Con sentenza n. 430/2010, depositata il 7 giugno 2010, la Corte di appello di Torino respingeva l'appello incidentale proposto da E.P. nei confronti della sentenza del Tribunale di Aosta, che ne aveva accertato la responsabilità nella causazione del decesso di C.P. avvenuto l'8/5/2003, allorquando il lavoratore, mentre immetteva calcestruzzo nel cassero di una fondazione, era stato colpito dal braccio meccanico dell'autopompa di proprietà e manovrata dallo stesso E.P..

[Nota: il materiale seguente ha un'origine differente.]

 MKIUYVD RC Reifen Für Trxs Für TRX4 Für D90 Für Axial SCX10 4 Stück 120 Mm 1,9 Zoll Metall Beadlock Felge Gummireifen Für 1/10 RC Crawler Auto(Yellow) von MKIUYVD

La Corte osservava in proposito, come già il primo giudice, che il E.P., in quanto proprietario della macchina, era tenuto alla sua regolare manutenzione e che proprio il difetto di essa era stato all'origine della caduta improvvisa del braccio dell'autopompa, dovuta al "cedimento del pacco di guarnizioni montato sul pistone del secondo cilindro", secondo quanto accertato dalle indagini peritali svolte in sede penale e nel primo grado di giudizio; inoltre, già qualche minuto prima del sinistro il braccio dell'autopompa si era abbassato e il E.P., anziché bloccare immediatamente la lavorazione, aveva ritenuto di proseguire la gettata, dando assicurazioni ai lavoratori impegnati nel cantiere circa il buon funzionamento del macchinario.

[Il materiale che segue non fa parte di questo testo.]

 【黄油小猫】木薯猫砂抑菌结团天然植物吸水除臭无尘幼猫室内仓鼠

La Corte di appello riteneva invece di accogliere l'appello incidentale proposto dal datore di lavoro A.R., che il Tribunale, seppure per una quota percentuale limitata al 20%, aveva ritenuto corresponsabile dell'infortunio, osservando come nella fattispecie concreta non fosse rilevante la problematica dei carichi sospesi (art. 186 d.P.R. n. 547/1955), non rientrando in tale categoria né il braccio dell'autopompa, né il materiale; d'altra parte, rilevava ancora la Corte, una responsabilità del A.R. non poteva neppure essere ravvisata nella mancata vigilanza sui rischi e sulla pericolosità della mansione affidata al C.P., posto che l'unica avvisaglia della presenza di qualche malfunzionamento o anomalia della macchina era individuabile nella circostanza occorsa pochi minuti prima dell'evento, quando il braccio della gru, con movimento lento e controllabile, si era abbassato fino a terra, e peraltro il E.P., manovrando il quadro comandi, era riuscito a risollevarlo: non era, quindi, ipotizzabile che nel brevissimo lasso di tempo intercorso tra il primo abbassamento e la caduta rovinosa del braccio sul corpo del lavoratore, il A.R. (neppure interpellato in proposito) potesse intervenire e bloccare l'operazione che si stava svolgendo.